Opinión Nacional

Caracas en el corazón

Hace ya unos cuantos años, allá por 1999, terminé de compilar un conjunto de textos sobre Caracas, la ciudad capital de Venezuela, para utilizarlos como bibliografía básica de una asignatura electiva sobre los imaginarios urbanos que iba a impartir en la escuela de Comunicación Social de la Universidad Católica Andrés Bello.

Al final reuní la cerrada cifra de veinte textos y con la ayuda de Ana María Carrano y Carlos Palacios, por entonces dos jóvenes integrantes del equipo de trabajo del Museo Jacobo Borges, que está ubicado en la popular barriada de Catia y acertadamente dirigido por Adriana Meneses, los textos terminaron convertidos en libro acompañados de veinte fotografías hechas por el mismo número de artistas venezolanos que generosamente cedieron sus trabajos.

Con el acertado diseño de Marisela Balbi, quien hoy en día forma parte de la diáspora de miles de profesionales venezolanos que habitan en los cinco continentes, el libro editado por el Museo Jacobo Borges salió a la calle con el título de Caracas en veinte afectos. La primera edición rápidamente se agotó e igual de rápido, bajo el auspicio de la Banca della Sviszera Italiana, se hizo una nueva que corrió con la misma suerte.

Por años el libro se me fue convirtiendo en una ausencia cercana. Con frecuencia escuchaba comentarios nostálgicos de gente que lo había visto en algún lugar y tenía ganas de comprarlo pero no sabía dónde. Nuestra querida poeta Patricia Guzmán, quien lo utilizaba en sus clases sobre crónicas urbanas, en varias oportunidades me insistió en la necesidad de reeditarlo y ahora, por eso pienso en ella, gracias a la editorial Los libros de El Nacional, el libro ha vuelto a la calle pero ampliado con nuevos textos.
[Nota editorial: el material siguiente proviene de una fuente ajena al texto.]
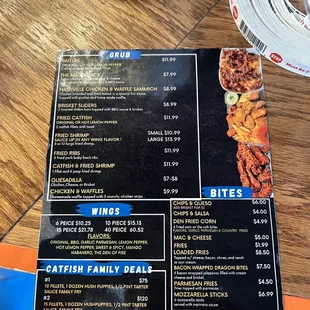 Food menu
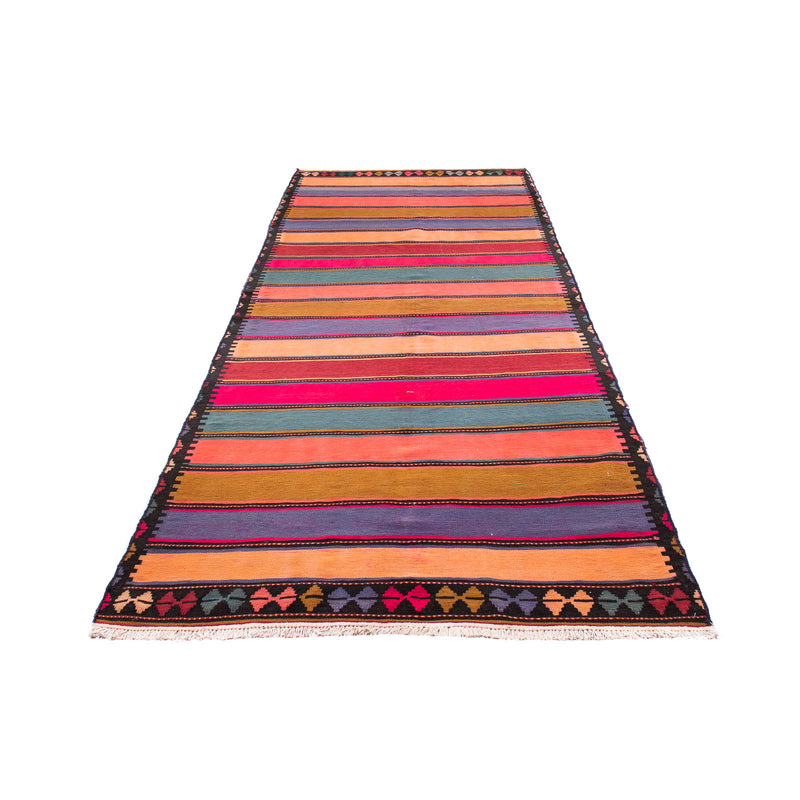 Tapis de couloir Tapis Kelim - Vieux - 370 x 137 cm - multicolore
Se titula Caracas en veinticinco afectos.

La noche del pasado miércoles 15 de agosto, acompañado por la presencia de seis de los autores reunidos en él, tuvimos la oportunidad de presentar esta nueva versión.
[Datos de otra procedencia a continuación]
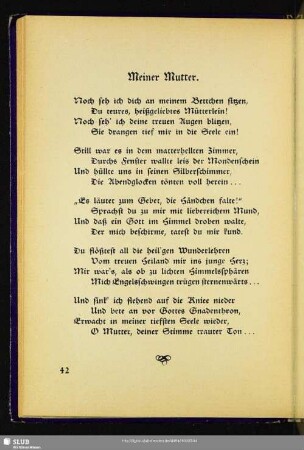Meiner Mutter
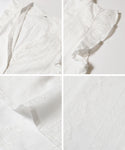 [Cotton Lace] V-Neck Blouse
Rodolfo Izaguirre, con un hermoso texto lleno de referencias a Roland Barthes y a su vida personal compartida en Caracas con Belén, su compañera de vida, hizo de maestro de ceremonia de lo que los venezolanos ­graciosamente dicen los extranjeros­ todavía denominamos «bautizo» del libro.

Hoy, jueves 16, al día siguiente del acto, con un ejemplar entre las manos y el sabor dulce del vino llenando aún de brumas la memoria, no puedo negarme a la tentación de escribir sobre este libro coral en el que amigos que se fueron, como José Ignacio Cabrujas, Tomás Eloy Martinez, Adriano Gonzales León y William Niño, siguen hablando con quienes aún respiran y escriben en esta tierra de gracia. Y de desgracia.
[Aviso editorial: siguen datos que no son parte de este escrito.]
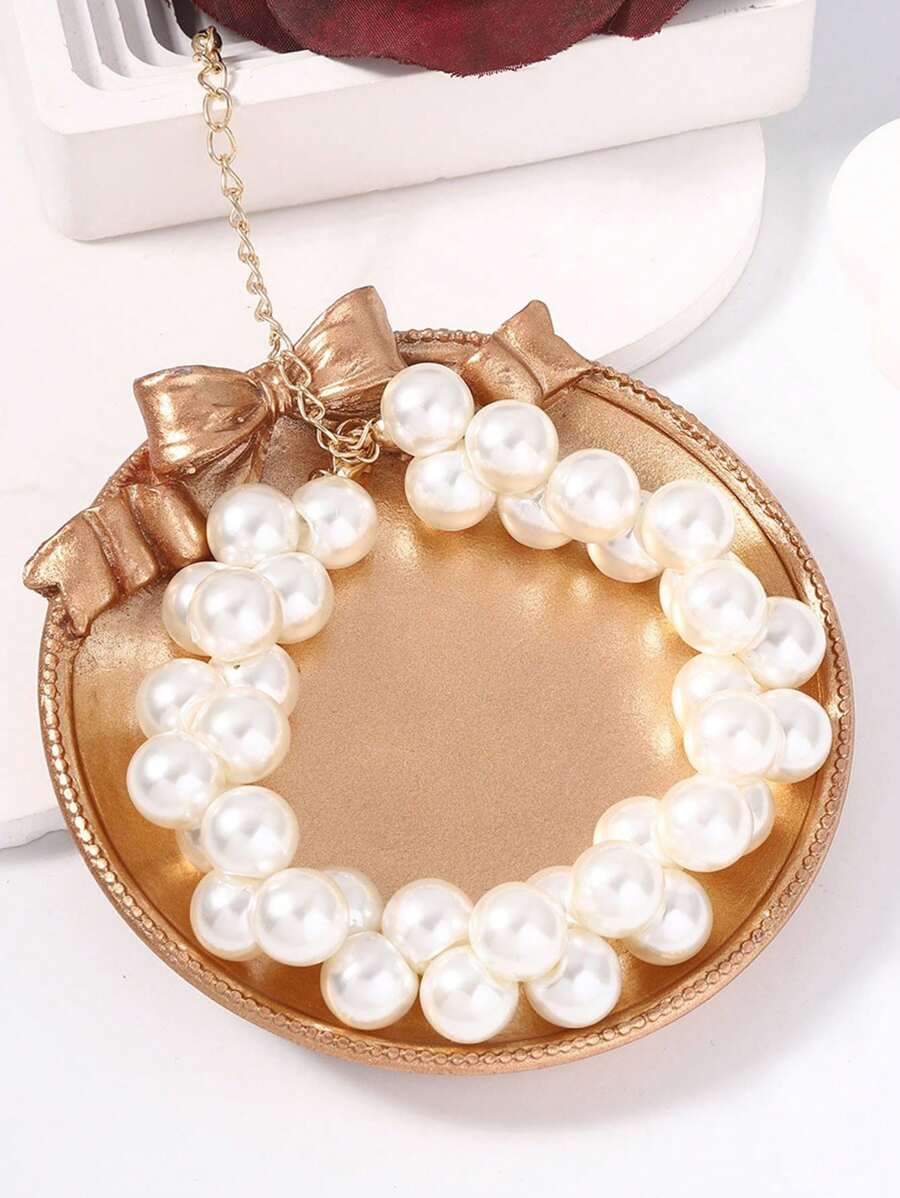 Tipo di stile:collana di perle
Me siento contento e impúdicamente me atrevo a confesarlo. Porque cuando vi reunido, de pie en la tarima donde se desarrollaba el acto, a Leonardo Padrón, un amigo escritor por quien siento cada vez más cariño intelectual y admiración por su compromiso ciudadano, junto a Rodrigo Blanco, Ana María Carrano, Cheo Carvajal, Rodolfo Izaguirre y Héctor Torres, las cinco nuevas firman incorporadas, comprendí que una compilación de textos es también una manera de invitar a sentarse en la misma mesa a un grupo de personas de bien a compartir sus impresiones.

La mesa está servida y me imagino a José Ignacio Cabrujas contando el fracaso del día que intentó mostrarle a su novia el lugar de Catia donde había nacido pero la casa ya no existía; Milagros Socorro explicando a los otros la boquita aún llena de yogourt de la Venus que trota al amanecer por El Cafetal; Luis Medina narrando en voz propia cómo gracias a las bondades de la marihuana el Ávila se partió en dos y el mar entró en la ciudad y arrasó todo a su camino; Federico Vegas comentando que Caracas es una ciudad cóncava donde las pasiones se quedan rebotando con ondas imprevisibles; Blanca Strepponi explicando por qué cada vez que un caraqueño mira el Ávila todas las molestias del día se le borran ante tanta belleza, o a William Osuna recitando un poema sobre una ciudad que no le han otorgado y perdió sin poseerla.

Un libro también puede ser una cena, un espacio de diálogo, un camino a la comunión.